The rendering of his name Danske Bo ("Bo the Dane") into Medieval Latin as Boetius de Dacia stems from the fact that the toponym Dania, meaning Denmark, was occasionally confused with Dacia during the Middle Ages.

Life and accomplishments[edit]

Boetius was born in the first half of the 13th century. Not much is known of his early life. The attempt to connect him to known persons from Denmark or Sweden has been unsuccessful.[1][non-primary source needed] All that is known is that he went to France to teach philosophy at the University of Paris. At the university, he associated with Siger of Brabant. He continued to teach for some time as arts masters rather than quickly moving on to study in the theology faculty or finding non-academic employment.
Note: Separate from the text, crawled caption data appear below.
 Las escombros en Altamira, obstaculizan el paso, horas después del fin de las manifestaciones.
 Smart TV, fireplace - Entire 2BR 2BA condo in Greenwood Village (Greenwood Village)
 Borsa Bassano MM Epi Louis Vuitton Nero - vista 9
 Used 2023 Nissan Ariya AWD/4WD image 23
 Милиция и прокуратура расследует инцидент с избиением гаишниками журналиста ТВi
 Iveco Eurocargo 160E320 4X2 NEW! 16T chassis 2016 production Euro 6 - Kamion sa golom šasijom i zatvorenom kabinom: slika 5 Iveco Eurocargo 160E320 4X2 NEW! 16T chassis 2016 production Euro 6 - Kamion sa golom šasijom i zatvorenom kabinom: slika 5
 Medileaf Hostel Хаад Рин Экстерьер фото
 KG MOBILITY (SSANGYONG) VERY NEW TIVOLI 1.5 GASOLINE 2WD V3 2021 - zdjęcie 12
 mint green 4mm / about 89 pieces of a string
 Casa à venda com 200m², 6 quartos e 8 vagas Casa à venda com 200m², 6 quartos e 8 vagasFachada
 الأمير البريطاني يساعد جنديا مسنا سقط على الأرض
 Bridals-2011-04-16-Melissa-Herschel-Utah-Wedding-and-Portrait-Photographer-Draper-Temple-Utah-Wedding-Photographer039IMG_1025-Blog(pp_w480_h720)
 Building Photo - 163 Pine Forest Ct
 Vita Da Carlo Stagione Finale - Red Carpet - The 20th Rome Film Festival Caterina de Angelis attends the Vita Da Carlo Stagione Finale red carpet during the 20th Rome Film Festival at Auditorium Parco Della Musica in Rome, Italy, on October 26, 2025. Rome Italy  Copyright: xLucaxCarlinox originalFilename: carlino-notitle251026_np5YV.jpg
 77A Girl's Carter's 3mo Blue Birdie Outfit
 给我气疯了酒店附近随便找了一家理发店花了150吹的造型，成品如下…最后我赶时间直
He shared this unusual career path with Siger and others like Roger Bacon and Jean Buridan. He was condemned by Stephen Tempier in 1277 for being a leading member of the Averroist movement.[2] Boetius fled Paris with Siger and appealed to Pope Nicholas III. He was detained at the pontifical curia at Orvieto. He went on to join the Dominicans in Denmark.

Boetius was a follower of Aristotle and Averroes. He wrote on logic, natural philosophy, metaphysics, and ethics, though some of his works have not survived. His central position was that philosophy had to follow where the arguments led, regardless of their conflict with religious faith. For him, philosophy was the supreme human activity, and in this world only philosophers attained wisdom. In his book On the Highest Good, or On the Life of the Philosopher he offers a fervently Aristotelian description of man's highest good as the rational contemplation of truth and virtue. Among the controversial conclusions that he reached are the impossibility of creation ex nihilo, the eternity of the world and of the human race, and that there could be no resurrection of the dead.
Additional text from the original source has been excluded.